En fallo dividido (causa rol 15.247-2018), la Tercera Sala del máximo tribunal –integrada por los ministros Sergio Muñoz, María Eugenia Sandoval, Ángela Vivanco y los abogados integrantes Álvaro Quintanilla y Leonor Etcheberry– descartó infracción de ley en la resolución impugnada, dictada por el Segundo Tribunal Ambiental, que condenó a la recurrente por contaminación de aguas superficiales y subterráneas y le ordenó una serie de medidas de reparación.
«Que, en relación al primer capítulo del arbitrio de nulidad sustancial, reprocha la recurrente, por un lado, que el tribunal hubiere decretado medidas cautelares en la sentencia definitiva y, por otro, el incumplimiento de los requisitos legales para disponerlas, específicamente la ausencia de daño inminente», plantea el fallo.
Resolución que agrega: «Sobre el particular, como puede apreciarse del tenor de la sentencia, luego de establecer los sentenciadores la concurrencia de todas las exigencias legales para estar en presencia de un daño ambiental en el componente agua, se dispone como medida reparatoria la realización de una auditoría externa de su manejo y el estudio de una eventual ampliación de la red de monitoreo de calidad del agua».
«Sin embargo –continúa–, también resulta gravitante el análisis que el Tribunal realiza en aquello que concierne a los componentes suelo y biodiversidad. En efecto, respecto del primero de ellos, si bien no existen antecedentes para el establecimiento de un daño ambiental preciso que merezca aún ser reparado, los hechos que se dan por probados en el fallo -esto es, la existencia de un deslizamiento de la masa de residuos, que superó ampliamente el muro de contención destinado a evitarlo, provocando que éstos quedaran asentados por meses sobre suelo no impermeabilizado- permiten concluir su inminencia al tenor del artículo 24 de la Ley N°20.600 y, además, su relación con el daño ambiental del componente agua, que afectó tanto aguas superficiales como subterráneas».

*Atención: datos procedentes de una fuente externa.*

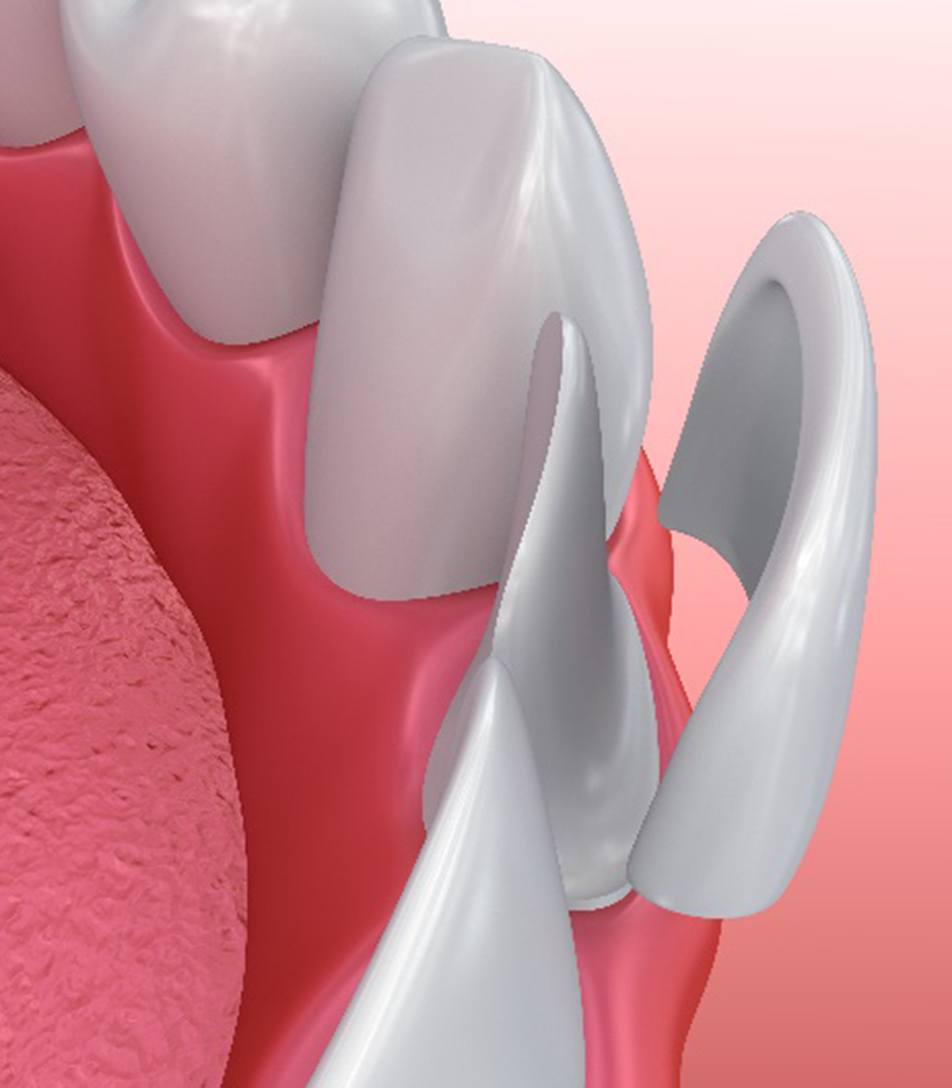 Illustration of veneer being placed on bottom, front tooth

«Más evidente resulta el vínculo de las medidas cautelares con el daño ambiental provocado por la demandada, si se examina el análisis que los sentenciadores realizan del componente biodiversidad, puesto que el denominado filtro verde forma precisamente parte del sistema de tratamiento de líquidos percolados, quedando asentado en la decisión su defectuoso funcionamiento y su directa influencia en las excedencias analizadas a propósito del componente agua», añade.
«Con lo anterior, y como medidas cautelares innovativas, el tribunal decreta una serie de acciones que la condenada deberá ejecutar sobre los componentes suelo y biodiversidad, las cuales, sin embargo y como se indicó, están claramente conectadas con el daño ambiental al componente agua, que se dio por establecido en el cuerpo de la decisión y se ordenó reparar», afirma la resolución.

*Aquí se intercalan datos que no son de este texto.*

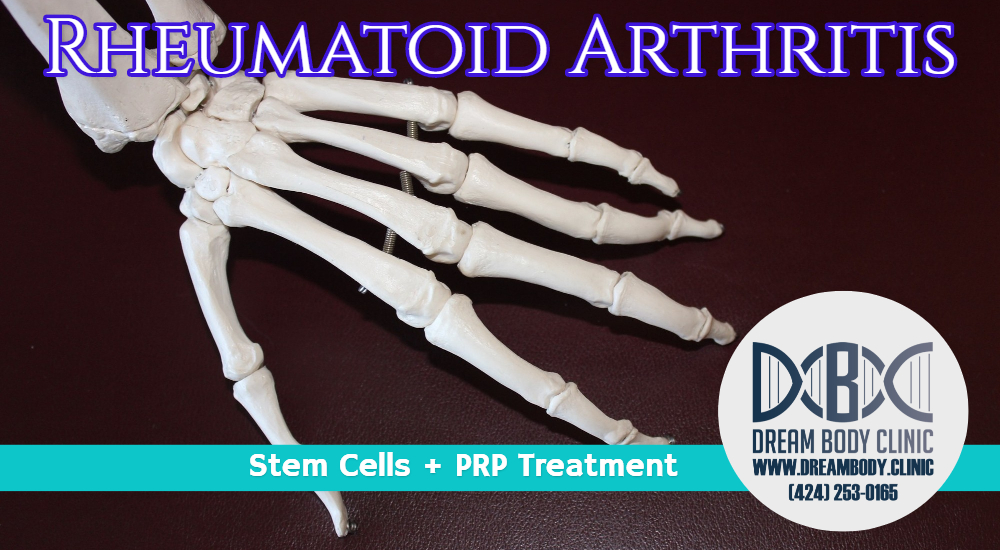 stem cell rheumatoid arthritis treatment.jpg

«(…) si bien lo hasta ahora razonado aplica también para el rechazo del segundo capítulo de casación en el fondo, en relación a este último también resulta conveniente señalar que el artículo 35 de la Ley N°20.600 obliga al tribunal a apreciar la prueba conforme a las reglas de la sana crítica, de modo que, en esta materia, el objeto del recurso en estudio será precisamente custodiar el respeto y la correcta aplicación de este precepto en el razonamiento que se consigna en la sentencia. En este sentido, sólo si se logra determinar que los sentenciadores han dado falsa o incorrecta aplicación, o derechamente ha dejado de aplicar las reglas de la sana crítica y ello ha influido sustancialmente en la decisión, se estará en condiciones de acoger el arbitrio», sostiene.

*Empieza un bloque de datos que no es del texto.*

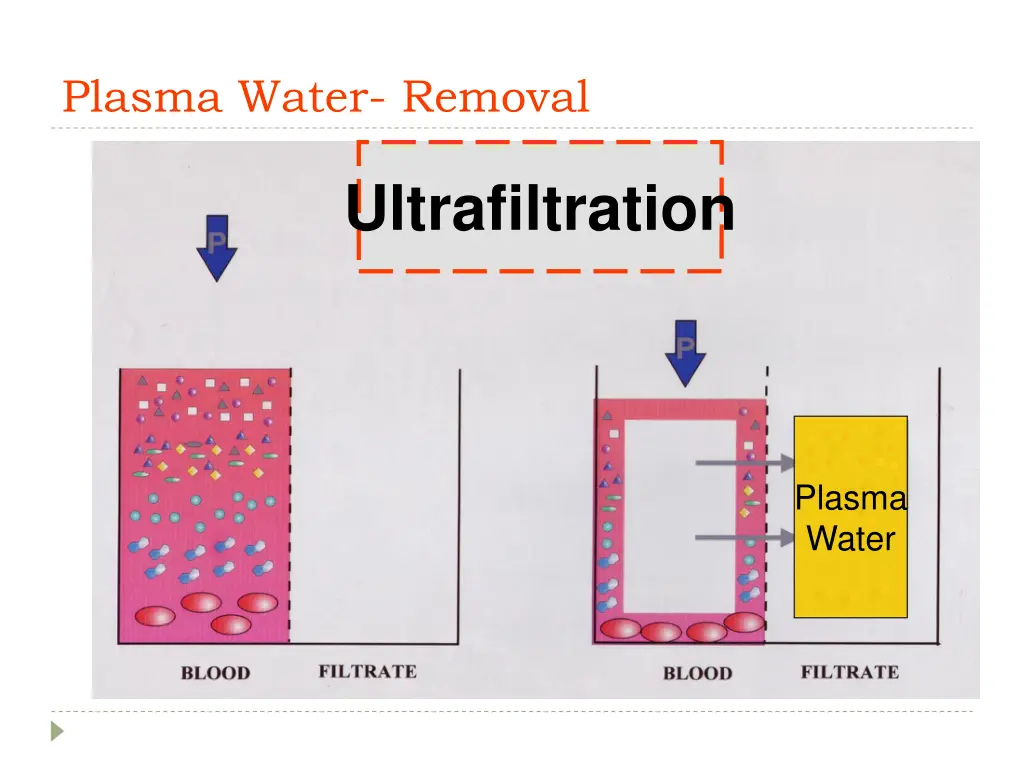 plasma water removal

«En otras palabras, para que el recurso prosperara, la recurrente debió postular una tesis encaminada a demostrar que el razonamiento del fallo contrariaba las reglas de la lógica, las máximas de la experiencia o el conocimiento científicamente afianzado, y que su inobservancia incidía en lo dispositivo del fallo. Sin embargo, en la especie -y tal como se razonó a propósito del rechazo del arbitrio de nulidad formal- la impugnación se apoyó en una cuestión de valoración de las probanzas rendidas por cada una de las partes, pretendiendo que esta Corte realice una nueva ponderación, cuestión que excede el marco del recurso en estudio y, en consecuencia, impide su acogimiento», concluye.
Decisión adoptada con el voto en contra de la ministra Sandoval.